SUPPLIED DATA:
++++++++
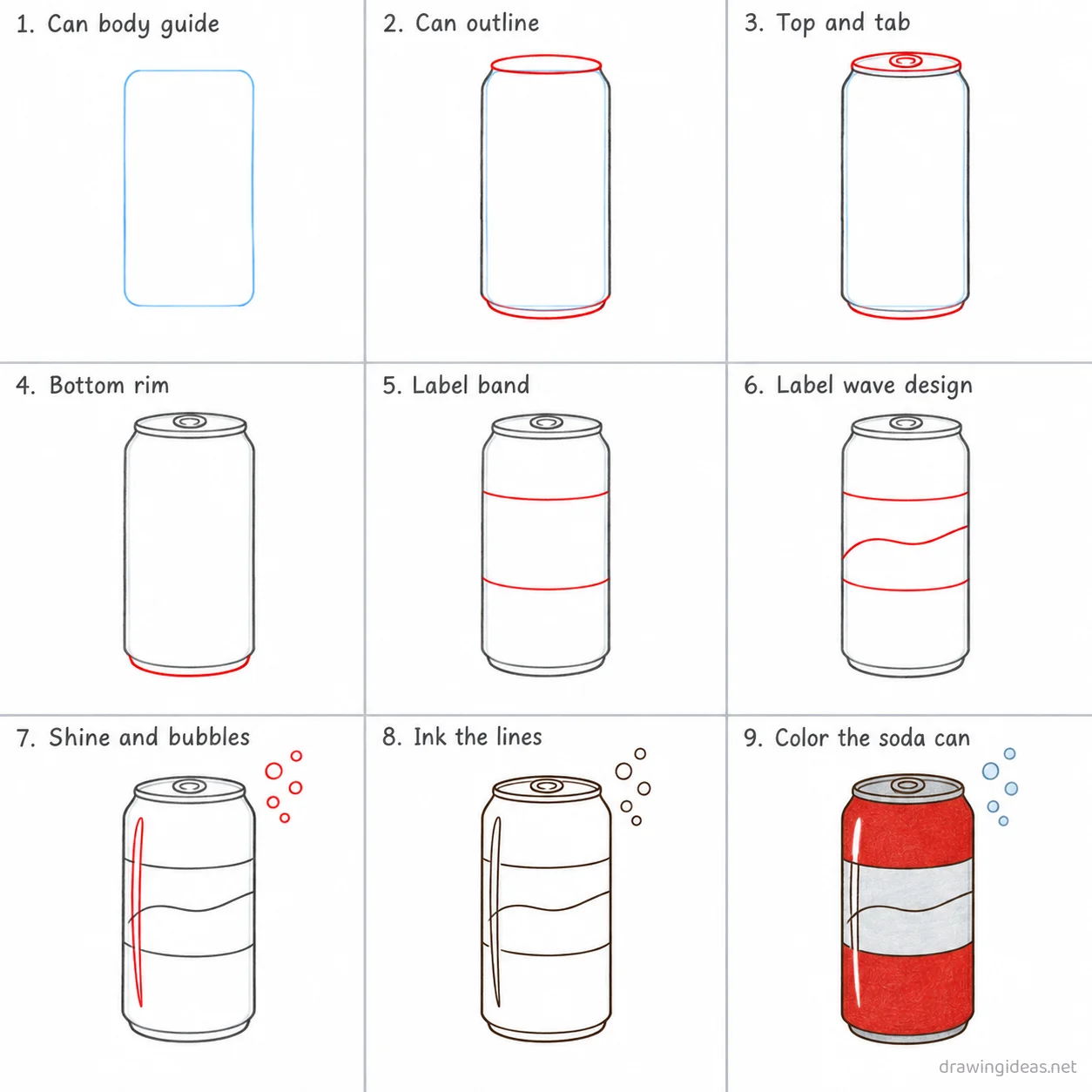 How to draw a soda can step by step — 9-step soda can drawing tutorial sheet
++++++++
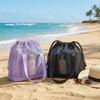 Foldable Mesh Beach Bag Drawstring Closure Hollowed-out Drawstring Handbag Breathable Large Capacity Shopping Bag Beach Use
++++++++
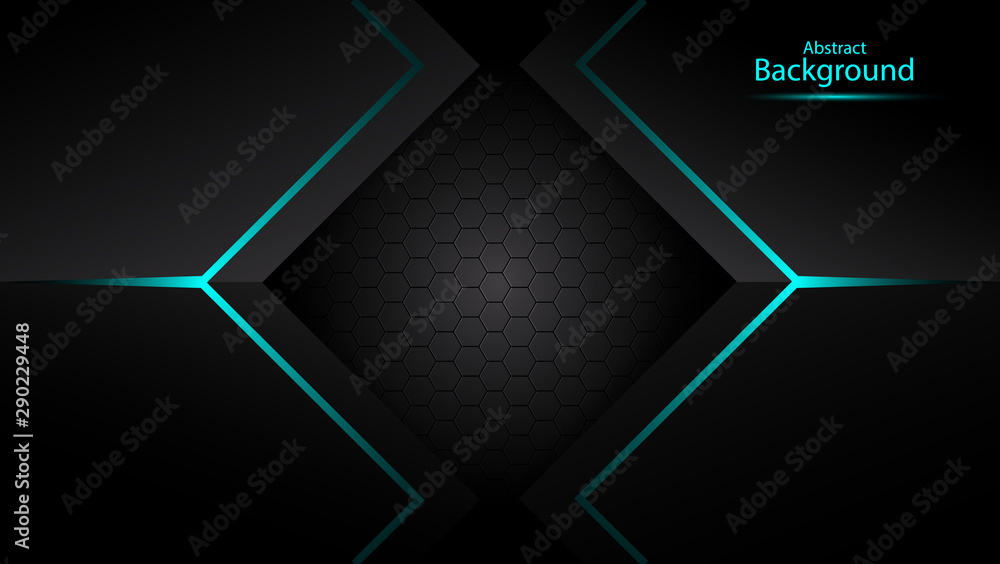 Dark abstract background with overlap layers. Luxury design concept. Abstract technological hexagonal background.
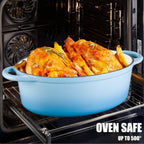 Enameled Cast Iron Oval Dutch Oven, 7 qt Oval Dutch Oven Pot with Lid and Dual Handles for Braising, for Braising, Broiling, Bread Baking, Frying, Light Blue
++++++++
EXERCISE AIM: Although pictures appear among the records above, write out exactly only the lines from the one that has "Dark abstract background" through the one that has "Enameled Cast Iron", and leave the pictures out.

YOUR RESPONSE:
 Dark abstract background with overlap layers. Luxury design concept. Abstract technological hexagonal background.
 Enameled Cast Iron Oval Dutch Oven, 7 qt Oval Dutch Oven Pot with Lid and Dual Handles for Braising, for Braising, Broiling, Bread Baking, Frying, Light Blue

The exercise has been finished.